First, it was a spot that apparently never aired but was widely circulated on the Internet. It showed a Middle Eastern man wearing a Palestinian scarf detonating a bomb inside a VW Polo at a crowded outdoor café. So strong is the car, the blast stays inside. VW distanced itself from that ad, saying it was only a test and never meant for public consumption.
Stateside, VW has just pulled its four-day-old spot, called "Jumper," which shows a man despondent over car prices contemplating suicide on a bridge. Learning that VW has models that sell for less than $17,000, he changes his mind. The ad was created by Crispin Porter & Bogusky of Miami, which referred calls to VW.
Yesterday morning, VW was steadfast in its response to suicide prevention and mental health groups who had called on the carmaker to stop showing the ad, saying that "controversy is not something VW has shied away from in its marketing." Hours later came the news that it had decided to pull the spot.
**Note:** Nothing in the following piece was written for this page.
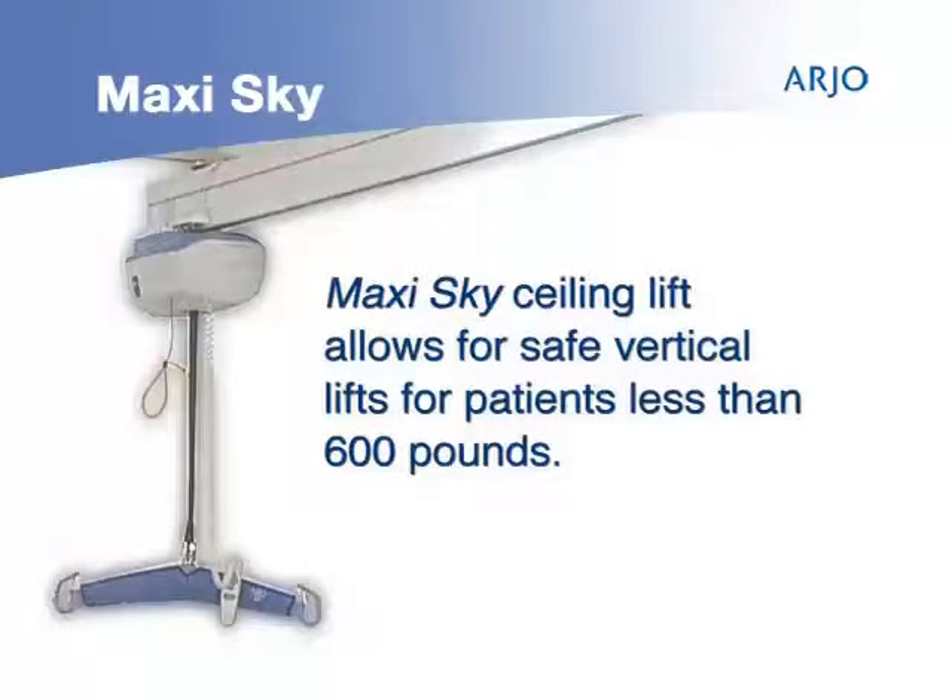MaxiSky is a ceiling lift for all healthcare environments. It allows for safe vertical lifting of patients up to 600 pounds.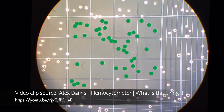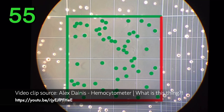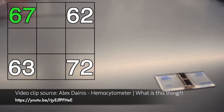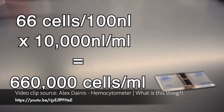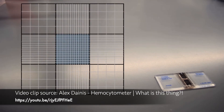If a cell lies right on the edge of a square, decide before counting which two sides will be considered in and which two will be considered out, so that you won't double count an edge cell. Do this for at least four squares and average the cells together. Since each square is 100 nL, you have cells per 100 nL density. Multiply this by 10,000 to get cells per mL. If the mixture is very dense, use the smaller subdivided squares to help count.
"While our current advertising campaign is all about the optimism inherent to the Volkswagen brand, sensitivity is also key to who we are," said a spokesperson. "With that sensitivity in mind, we have withdrawn this television commercial." The American Foundation for Suicide Prevention lauded the move and thanked the company.
VW joins General Motors, which pulled a similar ad under similar pressure. It showed a robot who commits suicide by jumping off a bridge because he made a mistake on the assembly line, but awakens to find it was just a dream. GM has said it will tweak the ending of the ad, created by Deutsch/L.A., which first ran during the Super Bowl. The new ad will run during the Academy Awards on Feb. 25.
VW is running two other ads, neither of which are controversial, the company said.
The time between protest and pull is getting shorter. Calls for GM to pull its robo-cide ad came several days before GM bowed to that pressure. It took VW less than a 24-hour news cycle to follow suit. Efforts to have the ads removed were coordinated by the American Foundation for Suicide Prevention, the American Psychiatric Association, Mental Health America and the National Alliance on Mental Illness.
VW spent slightly less than $300 million on measured media in 2006, down nearly 15% from the previous year, per Nielsen Monitor-Plus. Crispin, Porter was awarded the business in late 2005 without a review.